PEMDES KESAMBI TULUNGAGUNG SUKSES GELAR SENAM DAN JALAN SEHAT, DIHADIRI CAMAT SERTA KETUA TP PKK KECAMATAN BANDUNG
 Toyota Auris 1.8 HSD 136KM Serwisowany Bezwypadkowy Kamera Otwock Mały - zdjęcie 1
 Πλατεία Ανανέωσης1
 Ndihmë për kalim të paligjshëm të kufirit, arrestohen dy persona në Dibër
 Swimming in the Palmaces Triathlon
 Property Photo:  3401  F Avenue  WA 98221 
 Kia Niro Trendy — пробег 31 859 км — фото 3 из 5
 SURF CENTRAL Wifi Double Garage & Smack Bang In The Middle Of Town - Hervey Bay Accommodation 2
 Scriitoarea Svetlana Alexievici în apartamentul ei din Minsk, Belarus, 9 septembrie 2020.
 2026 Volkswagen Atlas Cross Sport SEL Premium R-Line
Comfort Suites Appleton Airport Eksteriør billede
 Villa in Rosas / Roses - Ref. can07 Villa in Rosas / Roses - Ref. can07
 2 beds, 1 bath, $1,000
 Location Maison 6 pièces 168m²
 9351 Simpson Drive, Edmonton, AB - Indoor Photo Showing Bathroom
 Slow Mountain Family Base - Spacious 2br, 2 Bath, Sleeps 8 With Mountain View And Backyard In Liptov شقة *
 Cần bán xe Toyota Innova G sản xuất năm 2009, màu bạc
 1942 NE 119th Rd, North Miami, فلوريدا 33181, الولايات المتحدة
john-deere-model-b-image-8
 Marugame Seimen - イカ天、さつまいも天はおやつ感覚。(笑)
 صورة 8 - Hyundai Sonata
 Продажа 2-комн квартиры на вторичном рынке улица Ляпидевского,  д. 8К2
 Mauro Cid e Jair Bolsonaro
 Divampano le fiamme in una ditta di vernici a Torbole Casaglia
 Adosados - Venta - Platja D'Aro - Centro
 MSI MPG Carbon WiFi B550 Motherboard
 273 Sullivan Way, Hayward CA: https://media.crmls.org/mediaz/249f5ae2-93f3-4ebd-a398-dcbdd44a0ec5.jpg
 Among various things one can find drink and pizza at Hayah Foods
☆ ☆ ☆ ☆ ☆
Exactly as written above, set down the whole listing again.

◆ **Response to the exercise**
PEMDES KESAMBI TULUNGAGUNG SUKSES GELAR SENAM DAN JALAN SEHAT, DIHADIRI CAMAT SERTA KETUA TP PKK KECAMATAN BANDUNG
 Toyota Auris 1.8 HSD 136KM Serwisowany Bezwypadkowy Kamera Otwock Mały - zdjęcie 1
 Πλατεία Ανανέωσης1
 Ndihmë për kalim të paligjshëm të kufirit, arrestohen dy persona në Dibër
 Swimming in the Palmaces Triathlon
 Property Photo:  3401  F Avenue  WA 98221 
 Kia Niro Trendy — пробег 31 859 км — фото 3 из 5
 SURF CENTRAL Wifi Double Garage & Smack Bang In The Middle Of Town - Hervey Bay Accommodation 2
 Scriitoarea Svetlana Alexievici în apartamentul ei din Minsk, Belarus, 9 septembrie 2020.
 2026 Volkswagen Atlas Cross Sport SEL Premium R-Line
Comfort Suites Appleton Airport Eksteriør billede
 Villa in Rosas / Roses - Ref. can07 Villa in Rosas / Roses - Ref. can07
 2 beds, 1 bath, $1,000
 Location Maison 6 pièces 168m²
 9351 Simpson Drive, Edmonton, AB - Indoor Photo Showing Bathroom
 Slow Mountain Family Base - Spacious 2br, 2 Bath, Sleeps 8 With Mountain View And Backyard In Liptov شقة *
 Cần bán xe Toyota Innova G sản xuất năm 2009, màu bạc
 1942 NE 119th Rd, North Miami, فلوريدا 33181, الولايات المتحدة
john-deere-model-b-image-8
 Marugame Seimen - イカ天、さつまいも天はおやつ感覚。(笑)
 صورة 8 - Hyundai Sonata
 Продажа 2-комн квартиры на вторичном рынке улица Ляпидевского,  д. 8К2
 Mauro Cid e Jair Bolsonaro
 Divampano le fiamme in una ditta di vernici a Torbole Casaglia
 Adosados - Venta - Platja D'Aro - Centro
 MSI MPG Carbon WiFi B550 Motherboard
 273 Sullivan Way, Hayward CA: https://media.crmls.org/mediaz/249f5ae2-93f3-4ebd-a398-dcbdd44a0ec5.jpg
 Among various things one can find drink and pizza at Hayah Foods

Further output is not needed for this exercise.